За залом Петрова-Водкина идет зал Гончаровой и Ларионова.
При всей их талантливости их живописная культура намного ниже Петрова-Водкина. Недаром в их зале висят клеенки Пиросмани – талантливого грузинского самоучки, несомненно раздутой фигуры, которую пропагандировали из эпатажных соображений. И импрессионизм, и лучизм, и подражание вывескам и заборным рисункам Ларионова очень милы, приятны, но это не высочайший класс живописи, это скорее знамение времени. Часто путают яркую фигуру художника с плодами его творчества. Наталья Гончарова – несомненно стихийное дарование, опиравшееся на русское народное творчество и примитивизм. Жаль, что ей не пришлось расписывать огромных помещений и церквей, ее талант в основном вылился в декорациях позднего парижского Дягилева.
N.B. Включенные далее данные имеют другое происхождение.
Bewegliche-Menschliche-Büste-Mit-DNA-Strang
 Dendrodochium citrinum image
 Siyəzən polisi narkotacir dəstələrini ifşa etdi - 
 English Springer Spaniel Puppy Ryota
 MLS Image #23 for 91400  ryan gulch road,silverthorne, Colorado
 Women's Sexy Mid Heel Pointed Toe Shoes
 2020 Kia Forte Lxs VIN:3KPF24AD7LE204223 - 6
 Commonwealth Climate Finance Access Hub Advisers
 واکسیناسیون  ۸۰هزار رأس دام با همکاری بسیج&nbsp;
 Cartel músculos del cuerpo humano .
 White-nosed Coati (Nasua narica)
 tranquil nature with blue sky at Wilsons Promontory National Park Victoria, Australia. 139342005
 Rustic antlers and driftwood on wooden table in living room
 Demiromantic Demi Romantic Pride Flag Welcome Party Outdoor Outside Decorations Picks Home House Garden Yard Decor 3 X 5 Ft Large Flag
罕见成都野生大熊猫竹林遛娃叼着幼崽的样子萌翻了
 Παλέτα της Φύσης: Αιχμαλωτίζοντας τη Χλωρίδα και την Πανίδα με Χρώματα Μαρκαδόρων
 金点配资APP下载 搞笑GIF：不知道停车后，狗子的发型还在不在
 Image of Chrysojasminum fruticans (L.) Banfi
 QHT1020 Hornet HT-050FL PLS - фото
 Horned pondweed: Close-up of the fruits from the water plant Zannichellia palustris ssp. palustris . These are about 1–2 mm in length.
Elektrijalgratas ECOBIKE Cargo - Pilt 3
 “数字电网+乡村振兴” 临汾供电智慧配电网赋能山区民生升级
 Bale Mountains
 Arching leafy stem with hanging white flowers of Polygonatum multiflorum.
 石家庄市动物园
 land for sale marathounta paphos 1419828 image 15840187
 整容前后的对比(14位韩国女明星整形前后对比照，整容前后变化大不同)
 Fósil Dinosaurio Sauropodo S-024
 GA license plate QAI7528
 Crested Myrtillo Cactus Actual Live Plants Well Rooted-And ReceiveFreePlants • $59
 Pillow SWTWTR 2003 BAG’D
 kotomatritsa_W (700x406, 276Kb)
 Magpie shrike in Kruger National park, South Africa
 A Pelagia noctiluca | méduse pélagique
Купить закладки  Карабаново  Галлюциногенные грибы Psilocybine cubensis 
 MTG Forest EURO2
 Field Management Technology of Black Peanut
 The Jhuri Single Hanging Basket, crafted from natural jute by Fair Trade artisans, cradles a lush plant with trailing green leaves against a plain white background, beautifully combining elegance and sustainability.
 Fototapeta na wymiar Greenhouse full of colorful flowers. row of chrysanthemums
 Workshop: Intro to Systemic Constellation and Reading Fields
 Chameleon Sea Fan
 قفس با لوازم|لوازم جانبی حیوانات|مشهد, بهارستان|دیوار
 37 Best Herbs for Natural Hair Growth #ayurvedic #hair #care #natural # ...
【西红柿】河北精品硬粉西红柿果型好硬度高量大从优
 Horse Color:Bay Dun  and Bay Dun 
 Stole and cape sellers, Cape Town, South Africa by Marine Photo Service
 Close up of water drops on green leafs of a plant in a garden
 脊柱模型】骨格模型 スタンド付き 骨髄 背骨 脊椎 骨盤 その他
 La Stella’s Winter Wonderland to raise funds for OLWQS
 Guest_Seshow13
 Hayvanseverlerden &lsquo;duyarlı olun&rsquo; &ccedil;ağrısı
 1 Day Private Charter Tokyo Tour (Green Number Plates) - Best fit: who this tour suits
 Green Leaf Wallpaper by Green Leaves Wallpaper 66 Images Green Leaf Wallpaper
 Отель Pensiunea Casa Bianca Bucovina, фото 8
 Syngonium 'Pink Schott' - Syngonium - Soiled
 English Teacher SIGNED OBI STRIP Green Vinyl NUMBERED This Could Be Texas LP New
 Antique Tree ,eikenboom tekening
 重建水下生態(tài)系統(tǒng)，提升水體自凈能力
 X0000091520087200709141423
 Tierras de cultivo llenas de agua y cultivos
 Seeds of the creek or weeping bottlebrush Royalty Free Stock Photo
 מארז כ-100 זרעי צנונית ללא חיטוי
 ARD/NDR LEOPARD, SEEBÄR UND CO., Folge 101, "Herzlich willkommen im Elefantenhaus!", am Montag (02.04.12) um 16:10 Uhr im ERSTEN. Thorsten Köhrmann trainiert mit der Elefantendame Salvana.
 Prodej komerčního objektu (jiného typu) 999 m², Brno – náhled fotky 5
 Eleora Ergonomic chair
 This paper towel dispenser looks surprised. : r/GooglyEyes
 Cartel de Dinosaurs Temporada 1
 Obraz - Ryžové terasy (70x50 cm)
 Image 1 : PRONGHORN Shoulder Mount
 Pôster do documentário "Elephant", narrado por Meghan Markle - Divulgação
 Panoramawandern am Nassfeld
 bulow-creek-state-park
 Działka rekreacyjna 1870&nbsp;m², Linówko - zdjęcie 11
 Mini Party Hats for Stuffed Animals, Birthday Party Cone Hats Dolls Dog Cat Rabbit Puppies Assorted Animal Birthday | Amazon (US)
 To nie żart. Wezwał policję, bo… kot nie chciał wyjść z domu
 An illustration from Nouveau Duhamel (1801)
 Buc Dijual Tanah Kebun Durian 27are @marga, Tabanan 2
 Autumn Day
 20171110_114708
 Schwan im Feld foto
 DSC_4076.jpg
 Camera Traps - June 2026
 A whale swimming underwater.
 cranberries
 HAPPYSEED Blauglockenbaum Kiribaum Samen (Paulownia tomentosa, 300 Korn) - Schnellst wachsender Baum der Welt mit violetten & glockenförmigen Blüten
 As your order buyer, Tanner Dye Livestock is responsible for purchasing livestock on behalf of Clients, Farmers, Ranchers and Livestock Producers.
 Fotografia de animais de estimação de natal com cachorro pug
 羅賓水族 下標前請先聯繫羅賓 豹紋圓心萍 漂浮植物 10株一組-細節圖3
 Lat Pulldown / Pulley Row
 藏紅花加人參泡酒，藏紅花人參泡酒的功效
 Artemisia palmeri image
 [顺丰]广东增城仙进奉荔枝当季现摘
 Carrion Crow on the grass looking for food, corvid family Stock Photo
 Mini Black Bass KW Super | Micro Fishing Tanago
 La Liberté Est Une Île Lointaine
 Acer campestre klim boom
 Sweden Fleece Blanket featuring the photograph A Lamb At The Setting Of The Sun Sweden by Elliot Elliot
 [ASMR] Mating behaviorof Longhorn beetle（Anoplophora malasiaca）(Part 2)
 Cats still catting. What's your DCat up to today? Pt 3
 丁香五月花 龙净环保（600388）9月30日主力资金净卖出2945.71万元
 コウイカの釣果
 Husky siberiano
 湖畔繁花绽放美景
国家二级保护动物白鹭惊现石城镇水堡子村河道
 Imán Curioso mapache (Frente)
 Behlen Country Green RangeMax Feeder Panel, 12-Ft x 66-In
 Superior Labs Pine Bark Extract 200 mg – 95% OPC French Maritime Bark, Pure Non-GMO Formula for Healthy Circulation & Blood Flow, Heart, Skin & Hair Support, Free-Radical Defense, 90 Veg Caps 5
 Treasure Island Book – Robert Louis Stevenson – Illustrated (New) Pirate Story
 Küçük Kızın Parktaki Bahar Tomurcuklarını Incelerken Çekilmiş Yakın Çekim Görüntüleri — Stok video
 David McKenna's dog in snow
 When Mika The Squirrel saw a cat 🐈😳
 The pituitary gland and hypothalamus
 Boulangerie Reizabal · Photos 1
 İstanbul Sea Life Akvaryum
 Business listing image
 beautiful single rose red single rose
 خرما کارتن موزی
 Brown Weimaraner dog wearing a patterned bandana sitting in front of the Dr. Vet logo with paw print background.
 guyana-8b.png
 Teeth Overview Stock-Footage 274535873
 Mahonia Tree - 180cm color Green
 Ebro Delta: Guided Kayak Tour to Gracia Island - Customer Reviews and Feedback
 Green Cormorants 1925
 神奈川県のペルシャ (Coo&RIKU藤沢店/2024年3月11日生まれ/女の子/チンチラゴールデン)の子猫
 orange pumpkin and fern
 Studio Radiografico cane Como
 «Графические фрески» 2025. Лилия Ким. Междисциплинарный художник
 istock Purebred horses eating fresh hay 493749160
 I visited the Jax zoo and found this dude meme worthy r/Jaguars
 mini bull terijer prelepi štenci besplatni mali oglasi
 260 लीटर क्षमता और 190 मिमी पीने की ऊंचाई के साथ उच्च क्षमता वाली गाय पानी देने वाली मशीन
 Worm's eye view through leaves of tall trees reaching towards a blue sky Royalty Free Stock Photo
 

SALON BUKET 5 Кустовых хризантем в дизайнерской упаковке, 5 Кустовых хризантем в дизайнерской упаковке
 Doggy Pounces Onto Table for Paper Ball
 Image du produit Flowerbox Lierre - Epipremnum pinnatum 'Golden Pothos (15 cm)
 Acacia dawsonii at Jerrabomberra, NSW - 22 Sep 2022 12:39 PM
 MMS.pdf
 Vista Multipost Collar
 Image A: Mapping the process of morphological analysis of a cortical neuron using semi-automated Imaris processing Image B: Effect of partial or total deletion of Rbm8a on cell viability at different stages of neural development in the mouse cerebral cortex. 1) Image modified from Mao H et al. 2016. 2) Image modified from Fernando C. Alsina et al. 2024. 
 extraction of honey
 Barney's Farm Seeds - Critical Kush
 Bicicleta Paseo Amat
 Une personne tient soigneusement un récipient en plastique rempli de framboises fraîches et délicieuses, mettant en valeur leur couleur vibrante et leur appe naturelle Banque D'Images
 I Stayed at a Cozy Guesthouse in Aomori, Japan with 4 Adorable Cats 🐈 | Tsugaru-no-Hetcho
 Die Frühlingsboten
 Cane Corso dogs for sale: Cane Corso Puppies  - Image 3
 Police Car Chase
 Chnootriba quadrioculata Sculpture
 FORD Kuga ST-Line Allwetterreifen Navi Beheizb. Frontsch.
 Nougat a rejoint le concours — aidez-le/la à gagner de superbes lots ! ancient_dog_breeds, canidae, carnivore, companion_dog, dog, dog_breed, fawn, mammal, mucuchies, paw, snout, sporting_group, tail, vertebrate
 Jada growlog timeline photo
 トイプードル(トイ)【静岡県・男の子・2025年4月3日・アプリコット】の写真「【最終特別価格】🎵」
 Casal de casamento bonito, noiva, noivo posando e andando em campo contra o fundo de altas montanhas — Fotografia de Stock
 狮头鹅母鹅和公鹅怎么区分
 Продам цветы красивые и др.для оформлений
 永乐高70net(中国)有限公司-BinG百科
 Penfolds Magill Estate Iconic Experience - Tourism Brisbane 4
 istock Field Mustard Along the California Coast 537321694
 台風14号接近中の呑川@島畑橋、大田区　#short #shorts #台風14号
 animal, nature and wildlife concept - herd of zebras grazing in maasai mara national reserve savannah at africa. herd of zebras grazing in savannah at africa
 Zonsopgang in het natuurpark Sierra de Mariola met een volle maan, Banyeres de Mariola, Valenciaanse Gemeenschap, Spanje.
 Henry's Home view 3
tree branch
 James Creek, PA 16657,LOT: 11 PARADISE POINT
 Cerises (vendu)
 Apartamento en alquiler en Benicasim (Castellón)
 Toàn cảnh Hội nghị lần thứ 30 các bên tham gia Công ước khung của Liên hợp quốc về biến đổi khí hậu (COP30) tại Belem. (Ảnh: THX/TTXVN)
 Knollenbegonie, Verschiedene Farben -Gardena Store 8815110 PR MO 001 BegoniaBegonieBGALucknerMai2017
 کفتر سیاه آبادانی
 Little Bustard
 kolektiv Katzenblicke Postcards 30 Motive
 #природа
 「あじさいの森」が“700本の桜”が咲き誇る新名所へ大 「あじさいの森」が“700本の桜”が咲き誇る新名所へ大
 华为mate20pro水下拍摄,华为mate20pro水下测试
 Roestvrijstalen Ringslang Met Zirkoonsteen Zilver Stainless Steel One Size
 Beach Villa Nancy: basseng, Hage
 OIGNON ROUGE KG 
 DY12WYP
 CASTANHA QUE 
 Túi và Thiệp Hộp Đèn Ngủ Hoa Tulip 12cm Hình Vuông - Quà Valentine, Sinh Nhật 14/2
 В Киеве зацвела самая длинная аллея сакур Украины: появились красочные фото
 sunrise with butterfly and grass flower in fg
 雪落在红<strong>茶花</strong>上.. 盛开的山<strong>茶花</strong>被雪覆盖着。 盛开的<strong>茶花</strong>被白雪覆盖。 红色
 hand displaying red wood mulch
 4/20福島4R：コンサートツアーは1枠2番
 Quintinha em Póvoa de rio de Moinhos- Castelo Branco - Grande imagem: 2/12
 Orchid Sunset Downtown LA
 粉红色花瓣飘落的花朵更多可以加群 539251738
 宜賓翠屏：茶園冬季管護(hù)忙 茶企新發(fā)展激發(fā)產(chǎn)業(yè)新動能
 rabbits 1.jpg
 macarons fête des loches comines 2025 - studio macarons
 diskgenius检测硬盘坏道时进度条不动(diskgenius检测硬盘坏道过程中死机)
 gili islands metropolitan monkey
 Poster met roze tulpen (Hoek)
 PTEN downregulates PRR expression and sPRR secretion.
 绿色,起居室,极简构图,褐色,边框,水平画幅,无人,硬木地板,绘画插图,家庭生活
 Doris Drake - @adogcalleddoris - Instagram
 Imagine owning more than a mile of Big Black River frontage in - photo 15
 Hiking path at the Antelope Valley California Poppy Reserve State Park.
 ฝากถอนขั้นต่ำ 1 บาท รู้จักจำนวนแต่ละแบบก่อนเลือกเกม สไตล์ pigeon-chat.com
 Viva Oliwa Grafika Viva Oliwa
В следующем зале экспонированы три русских сезаниста: Куприн, Рождественский и Фальк. Эти три мастера в годы большевизма заняли глухую оборону в доме, построенном художником Малютиным рядом с ямой от храма Христа. И Куприна, и Фалька я хорошо помню еще живыми. Куприн был желчный господин с бородкой, а Фальк был неопределенен и отчужден. Все три мастера несколько черноваты, впрочем, это вполне объясняется ужасным качеством советских масляных красок, которыми они писали. Местом внутренней эмиграции и спасения для художников 30-х годов был Крым. Туда они сбегали из большевистской Москвы на свободу. К тому же Фальк преподавал в художественном институте и каждое лето ездил со студентами в Козы, где они все писали ню на пленере. Наиболее интересен Фальк, так как этот художник играл большую роль, вплоть до самой своей смерти (а жил он долго, имел много жен), в культурной жизни большевистской Москвы. Фактически он был духовником целой оппозиционно настроенной к коммунистам общины не только еврейской интеллигенции. Вокруг другого «попа» – Фаворского – жались, как запуганные овцы, дворянские недобитки, которых он обучал своему тупому рисованию, не давая умереть с голоду и попасть на панель. Фальк был человек несомненно порядочный и честный, о нем надо бы написать роман. То, что о нем писал политический проходимец Эренбург в повести «Оттепель», с которой все и началось, больше похоже на пасквиль. Фальк из всех русских сезанистов наиболее тщательно обрабатывал поверхность, и его фоны часто интереснее лиц портретируемых. Поздняя живопись Фалька – крайне любопытное психологическое явление, в ней есть и пессимизм, и робкие надежды на будущее. Как завещание смотрится его пепельно-серый «Автопортрет в красной феске» 1957 года. Такой автопортрет мог бы написать и испанский живописец-еврей в эпоху инквизиции.